The pigeon post office that my friend was telling me about was in the town of Brookby and is near where his farm is located (The town name is pronounced brook-bee and named so because it is by the brook). Somehow this post office once fit into the pigeon postal system, but my educator was unsure just how it worked. Since Brookby is east of the main city of Auckland, he speculates that this was a stopping off station for the pigeons after their flight across the large body of water called the Firth of Thames. From Brookby (according to his speculation), the flimsys were transferred to other pigeons to bring them the rest of the way to Auckland, much in the same way that the pony express worked, but using pigeons instead of quarter horses.
The New Zealand Pigeon Post was terminated in 1908 when a telephone wire was laid from the Coromandel Peninsula of the mainland, through the seabed and to the island. But even after this, several places in the world adopted the pigeon postal system when conditions merited it. In fact, it was only in 2002 that the Pigeon Message Service of the Police in the state of Orissa in India retired, due to the expanded use of the internet.

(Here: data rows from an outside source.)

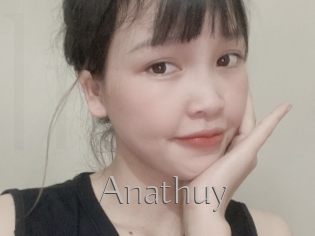 Anathuy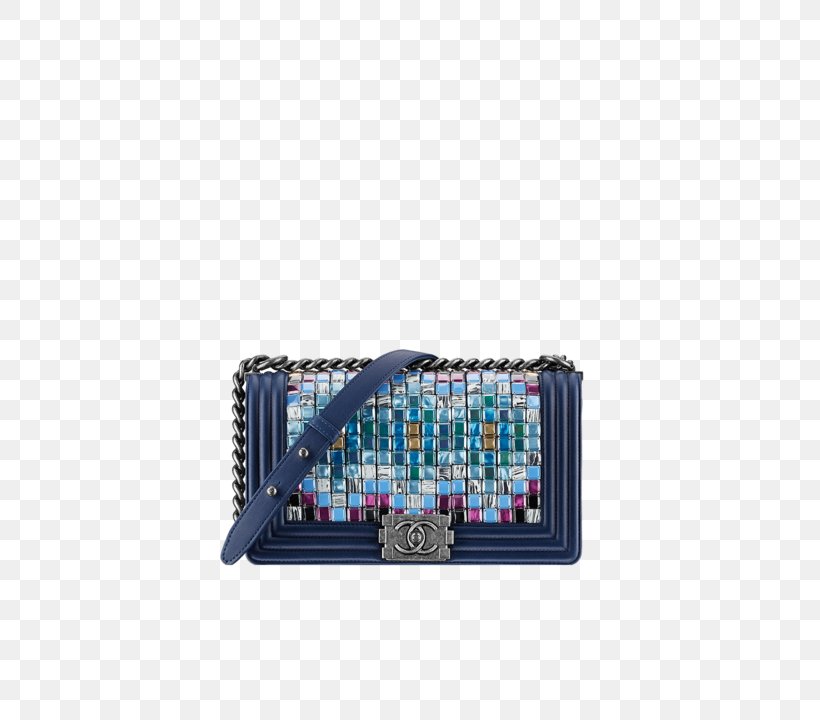 Chanel Handbag Fashion Embroidery, PNG, 564x720px, Chanel, Bag, Calfskin, Clutch, Electronics Download Free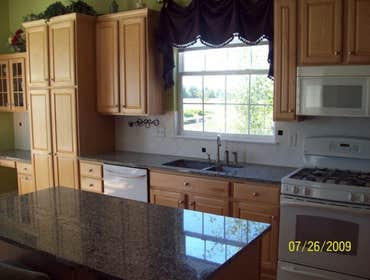 Tile Counter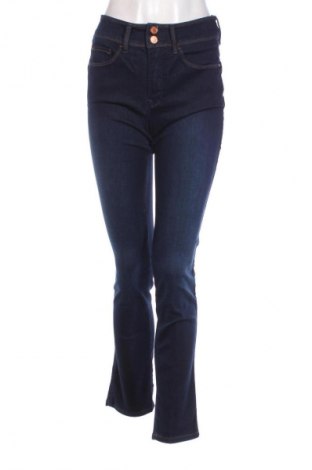 Damen Jeans Salsa, Größe M, Farbe Blau, Preis € 16,99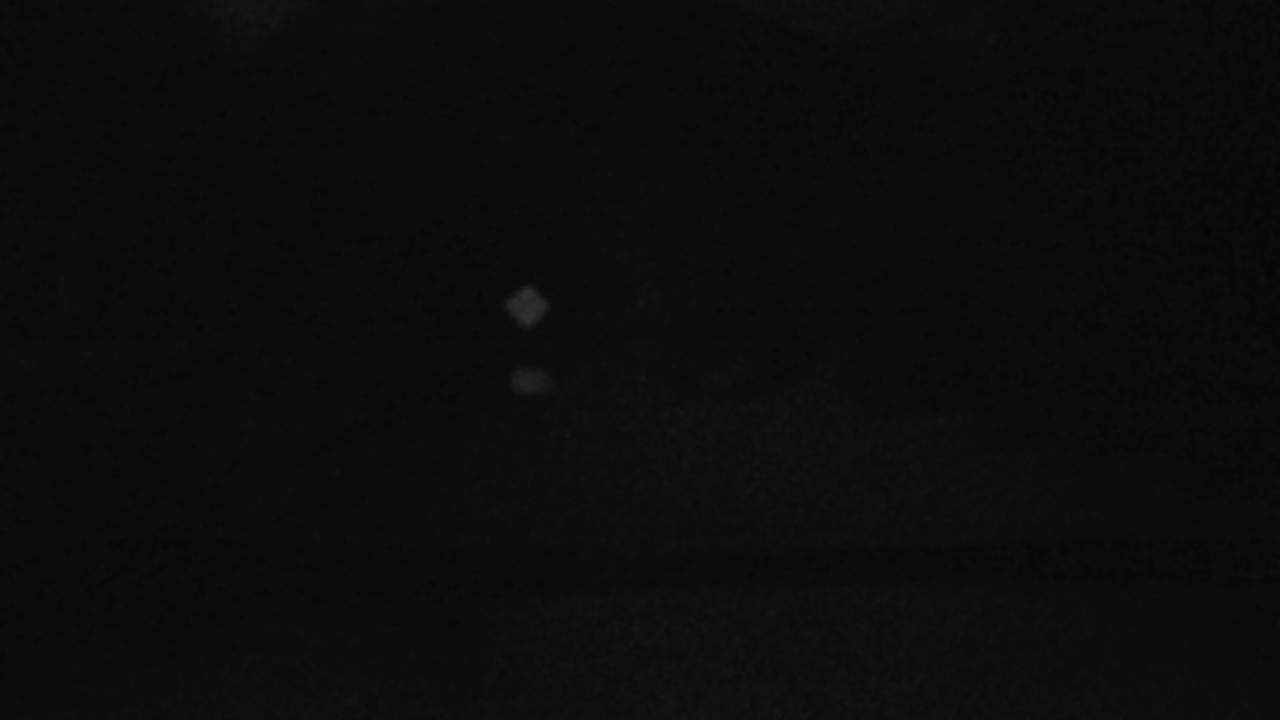 Northeast Elev 3875 - 03/19/2026 06:45 AM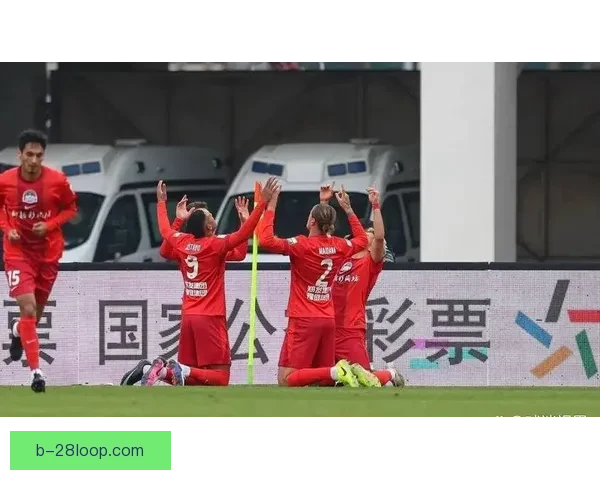 中超九俱乐部遭处罚积分清零赛季以负分起步开启征程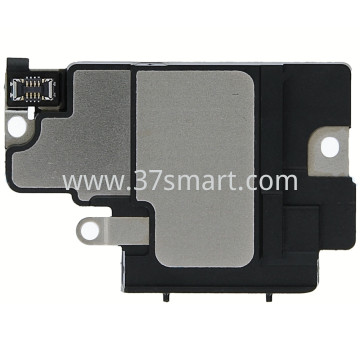 iPhone X Buzzer OEM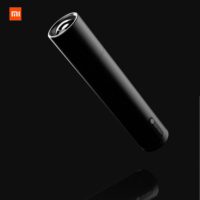 Очень яркий портативный фонарик Xiaomi Mijia BEEbest 1000LM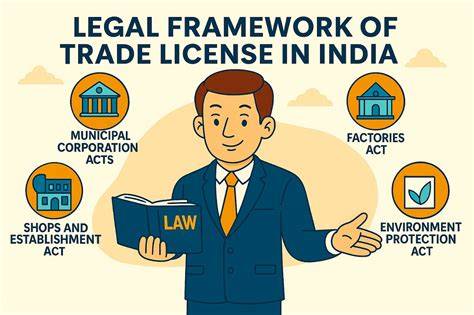 Legal framework for forest management and timber trade of India - raincitystudios.com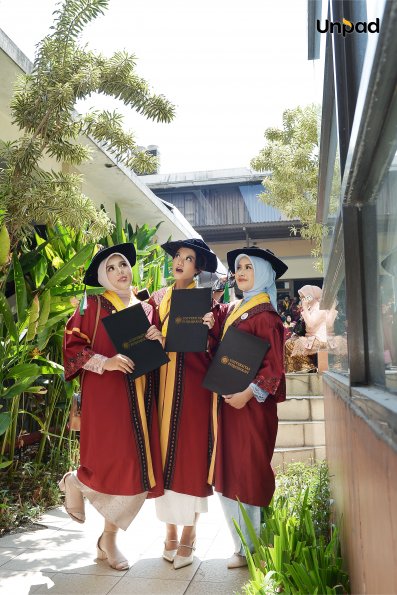 WISUDA UNPAD GEL IV TA. 2025-2026 (11)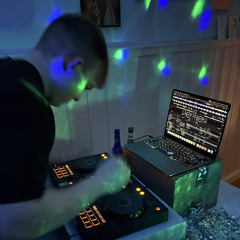 simvn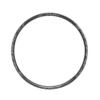 Race Face Arc 31 Carbon Rim - 29er - 36mm - Grey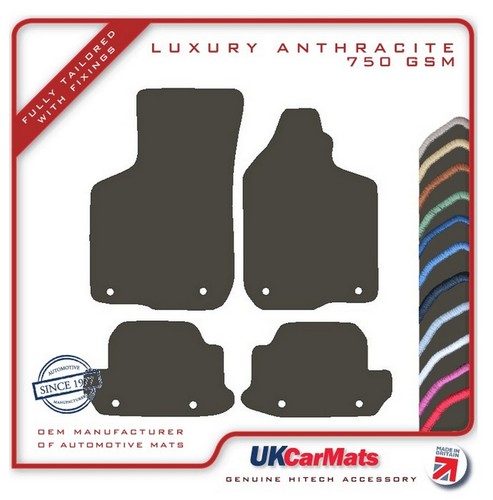 Fits audi with recaro - fits, s3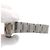 Orologio Rolex Date Oyster Perpetual - vista 10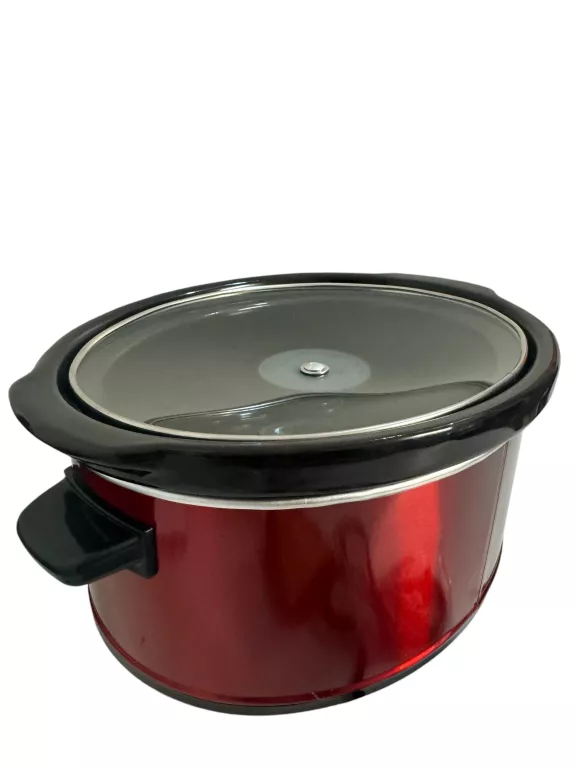 HOFFEN WOLNOWAR NSC-350W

But sometimes even the internet cannot compete with the pigeons. In South Africa in 2009, 4GB of information was sent overland by two methods, one by the use of the country’s largest internet provider, and the other by use of a memory stick connected to the back of a carrier pigeon. The distance over which the information was sent was 50 miles, and information in each case was the same. The pigeon made the journey in one hour and eight minutes, and by the time the people got the memory stick off of the pigeon and downloaded onto the receiving computer, the total time elapsed was two hours, six minutes, and 57 seconds since the time the bird took off from the sending office. And the information sent over the internet? In the same length of time, it had only downloaded about 4% of the total information.
So there you are. Some more information that is unrelated to what we are doing here in the Pacific, but interesting nevertheless. If you have pigeons hanging around your farm at home, you had better take a good look at them. They might have a flimsy for you.